- Developer(s): Sierra On-Line
- Publisher(s): Sierra On-Line
- Director(s): Lori Ann Cole
- Producer(s): Tammy Dargan
- Designer(s): Corey Cole Lori Ann Cole
- Programmer(s): Oliver Brelsford
- Artist(s): Andy Hoyos
- Writer(s): Lori Ann Cole
- Composer(s): Rudy Helm
- Series: Quest for Glory
- Platform(s): MS-DOS
- Release: August 1992
- Genre(s): Adventure/role-playing
- Mode(s): Single-player

= Quest for Glory III: Wages of War =

1992 video game

Quest for Glory III: Wages of War is a hybrid adventure/role-playing video game released in 1992 for MS-DOS. It is the third entry in the Quest for Glory video game series and the sequel to Quest for Glory II: Trial by Fire.

Quest for Glory II hinted that Ad Avis would return in this installment of the video game series. However, the Coles did not think they could reach a new audience with a game that was significantly darker in tone than previous games in the series. Therefore, Quest for Glory III: Wages of War was created instead, with the game just hinting at the whereabouts of Ad Avis and saving that particular plotline for Shadows of Darkness, which was changed to the fourth in the series.

The game was re-released on Steam with support for Windows.

==Plot==
Rakeesh the Paladin brings the Hero (and Prince of Shapeir) along with Uhura and her son Simba to his homeland, the town of Tarna in a jungle and savannah country called Fricana, which is inspired by central African ecosystems. Fricana is home to Liontaurs, half-human, half-lion creatures.

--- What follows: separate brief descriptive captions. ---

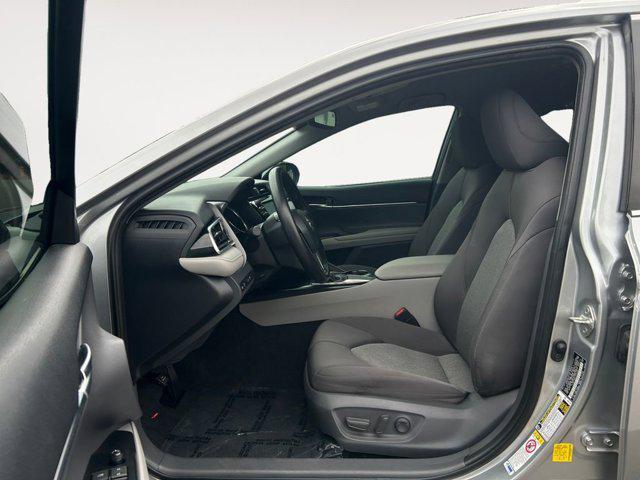 Photo of 2018 Celestial Silver Metallic Toyota Camry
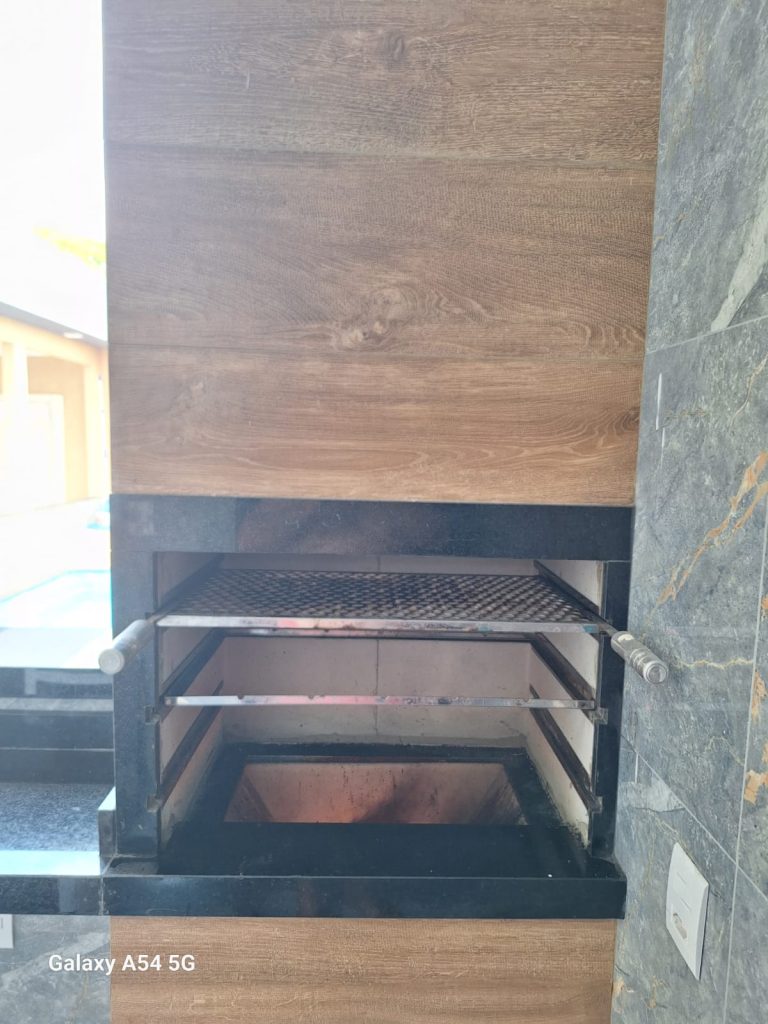 Casa Nova com Piscina zona Leste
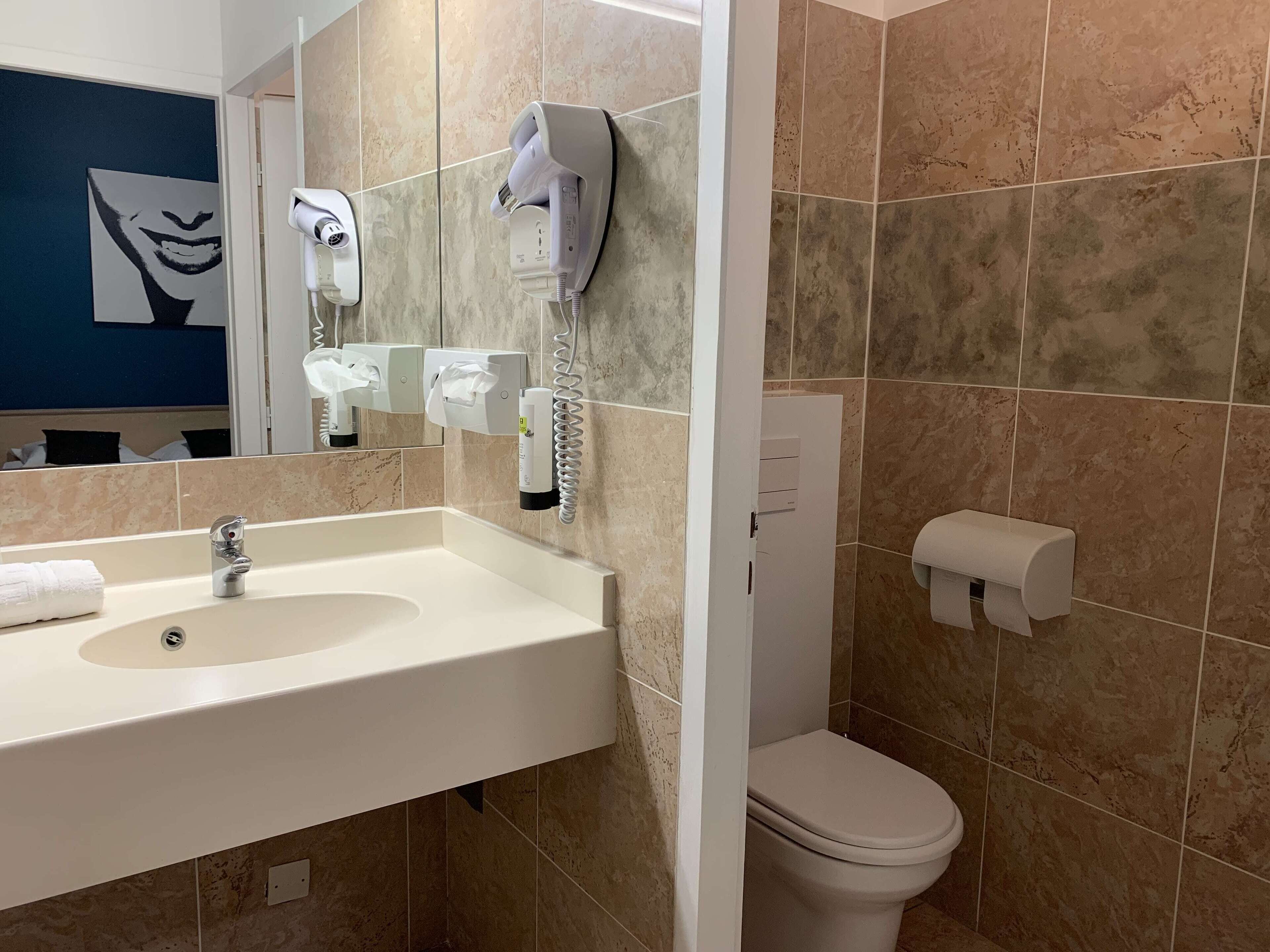 standard triple room | bathroom | shower, free toiletries, hair dryer, towels
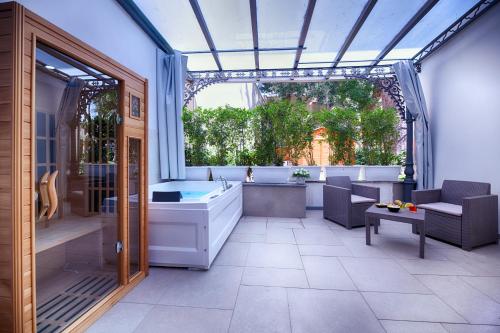 Facilities, Villa Elisio Hotel & Spa in Capodimonte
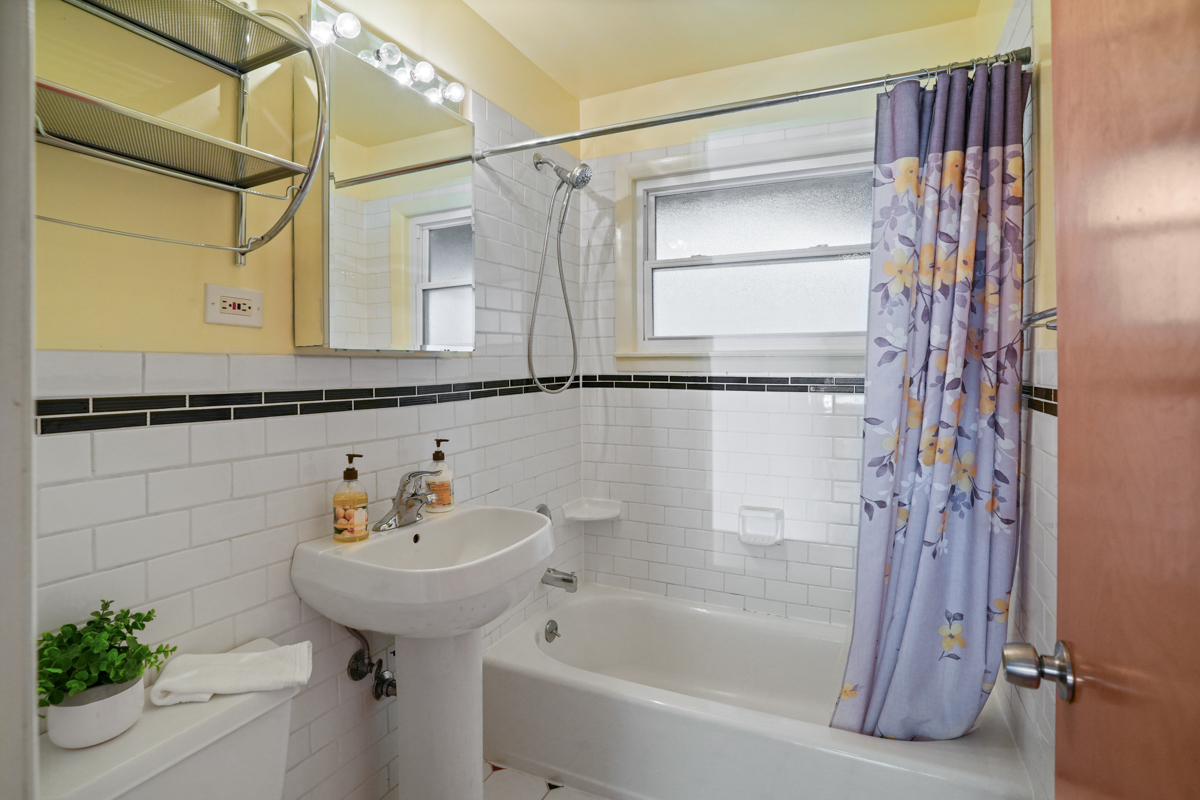 1419 W Saint James Place Property Photo 14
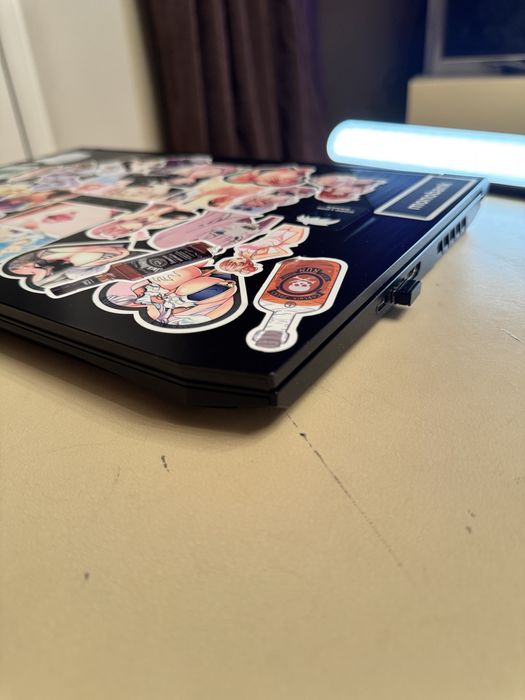 acer nitro 5 AN515-44-ROC4+1тб m2 від crucial з усіми локуметнами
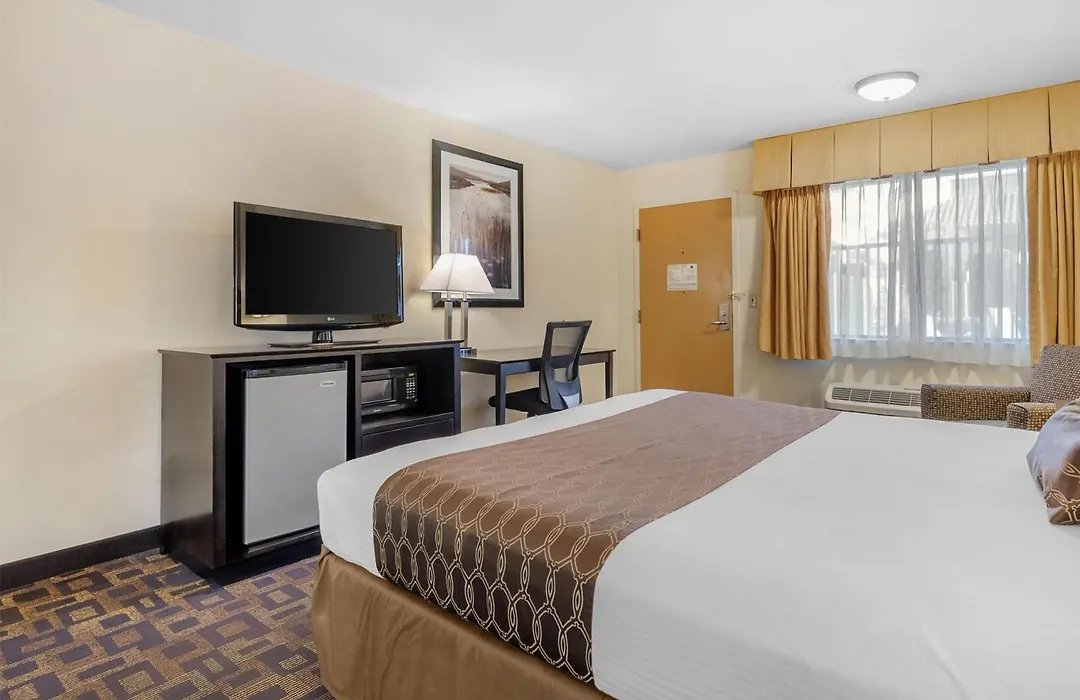 Best Western Plus Inn Of Hayward-1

The Liontaur city of Tarna is on the brink of a war; the Simbani, the tribe of Uhura, are ready to do battle with the Leopardmen. Both tribes have taken a sacred relic from the other tribe and refused to return it before the other does. The Hero must prevent the war and then thwart a demon who may be loosed upon the world.

The Hero earns membership in the warring tribes, and leads his newfound allies into battle against the demon wizard. As soon as the battle is won, the Hero suddenly disappears into darkness.

==Gameplay==

Typical gameplay for Quest for Glory III.

Just like the previous installments, this game offers three 'standard' character classes: Warrior, Magic User and Thief. However, a 'hidden' class can be opened: a Paladin. In the finale of the previous game a character who has proved honorable enough is named 'Paladin' by Rakeesh, and can be imported to Quest for Glory III as such. However, any saved character of any other class can be imported as a Paladin as well, preserving all of his skills acquired in the previous games. Such system allows to create a cross-class characters, so that Paladin for instance can use his own specific abilities along with the spells intended for Magic User without any penalties.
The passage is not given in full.